WILKES-BARRE — David Roebuck’s video-game experiences started when he was just 3.
Now, at age 21, the Forty Fort resident and Wyoming Valley West and Wyoming Seminary alum has played his way through tournament after tournament and into the 2018 NHL World Gaming Championships in Las Vegas.
After qualifying for the United States regional round Easter Sunday and finishing as one of the top two Americans on May 20, Roebuck is one of six players who will play in the round-robin EASPORTS NHL 18 tournament with a $50,000 prize on the line.
The one-day tournament is June 19.
Years ago, before Roebuck was even in preschool, he started playing games his parents had on their computer.
As his parents purchased a Super Nintendo and Nintendo 64, he began playing hockey video games. Wayne Gretzky’s 3D Hockey 98 and NHL Breakaway 99 on the N64 were the first two hockey games he played.
But it was when his family purchased PlayStation 3 that Roebuck started to make a name for himself. He started playing NHL 13 online and would “play the leaderboards” for fun. He ended up beating the No. 1 player in the world.
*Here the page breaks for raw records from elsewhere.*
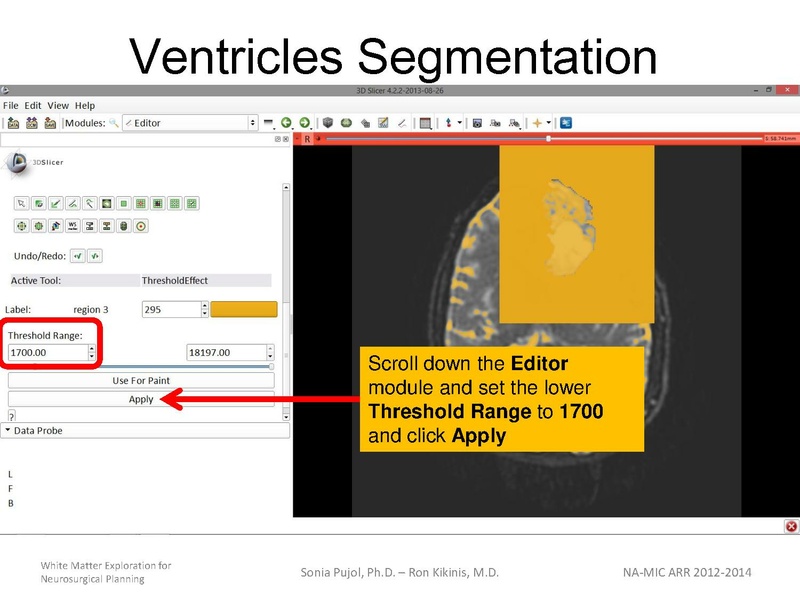 File:WhiteMatterExplorationTutorial SoniaPujol 2013.pdf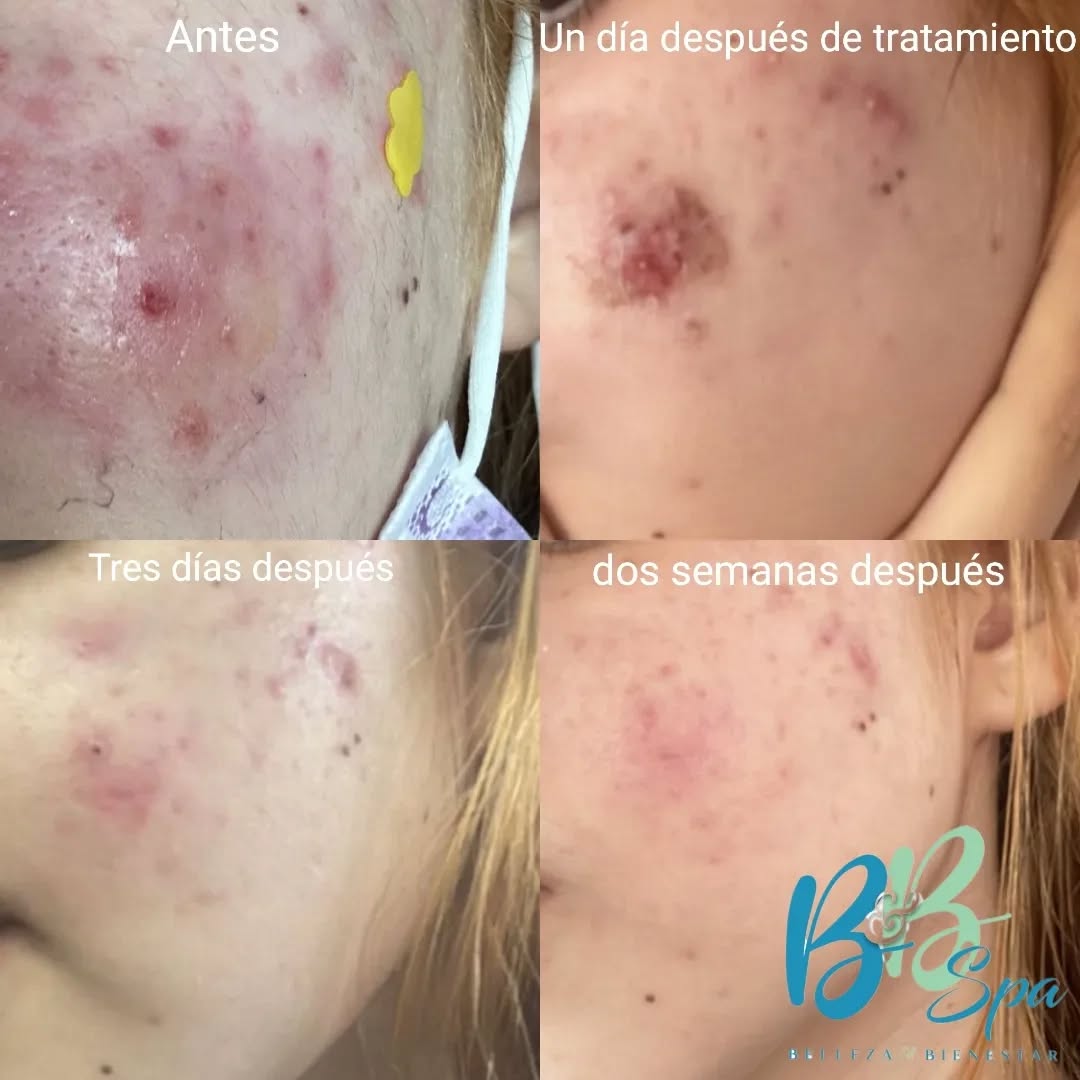 Nuestro tratamiento de factor de crecimiento no sólo ayuda a reafirmar y a retrasar los signos del envejecimiento además es un excelente regenerador de tejidos o lesiones ,algo que lo hace verdaderamente diferente es que este regenera tejido de manera tópica e interna, completamente rapido y eficiente !!!
.
.
.
.
El tratamiento fraccionado es lo de HOY !!!
Ayuda a combatir y eliminar :
•Arrugas
•Flacidez
•Acné
•Quemaduras
•Marcas de acné o estrías
Pregunta por nuestros paquetes consulta de evaluación GRATUITA
Llama YA! O envíanos WhatsApp 📲 al 6461856062
Ubicados 📍en macroplaza del mar en interiores de lipstick salón 💄
#luce&sientetebien✨️👍✔️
“I thought, ‘OK, just beat this guy. I can do this,’” said Roebuck, a member of the SetToDestroyX eSports team. “Growing up, whenever I played my buddies, most of the games I beat them pretty comfortably. I mean, there were some close games, but for the most part I felt I had the upper hand, but I never thought that I was actually that high. Then once I beat that guy I thought, ‘OK, I can actually do this.’ And I got up to No. 1 there.”
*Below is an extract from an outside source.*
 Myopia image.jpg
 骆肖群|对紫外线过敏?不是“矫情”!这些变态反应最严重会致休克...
After taking a few years off to focus on school and hockey — Roebuck went to Massachusetts to play junior hockey and now attends Robert Morris University in Pittsburgh — he’s back near the top of the gamer world.
It took some time, however.
He struggled in a few tournaments leading up to the qualifying round for the Regional Finals of the World Gaming Championships, but he caught his groove just in time. He fell to John Wayne Casagranda in the finals, which still allowed him to qualify for the world championships.
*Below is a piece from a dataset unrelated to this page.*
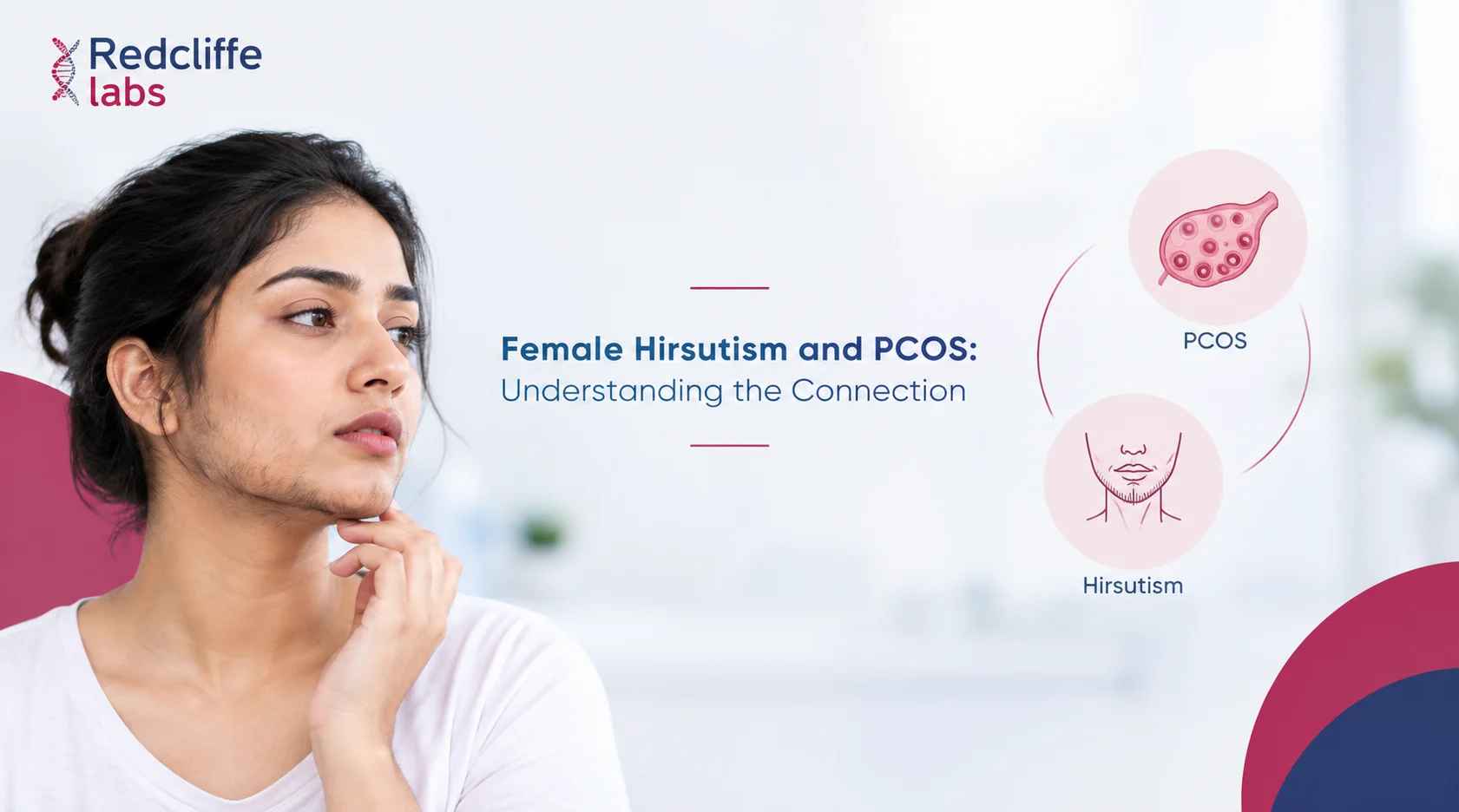 Female Hirsutism and PCOS: Understanding the Connection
Roebuck also believes he has an advantage because hockey doesn’t just have a presence virtually, but in his life away from PlayStation 4 as well.
Playing club hockey at Robert Morris, Roebuck uses what he’s learned on the rink when he puts a controller in his hand.
“A lot of my success in real-life hockey revolves around my work ethic and just my smarts for the game, like knowing what to do at what time or how to out-smart someone,” Roebuck said. “I’m consistently thinking … as a player and as a coach. I feel that helps out a lot, especially when I see what players do in the game and I think back to real-life hockey, ‘OK, how would you beat this? What works? What doesn’t work?’”
He’s going to Las Vegas a relaxed man, intent on just enjoying the experience.
“I think I’m going to go, keep it loose and try to make the most of it,” he said. “If you put too much pressure on yourself, you can have issues.”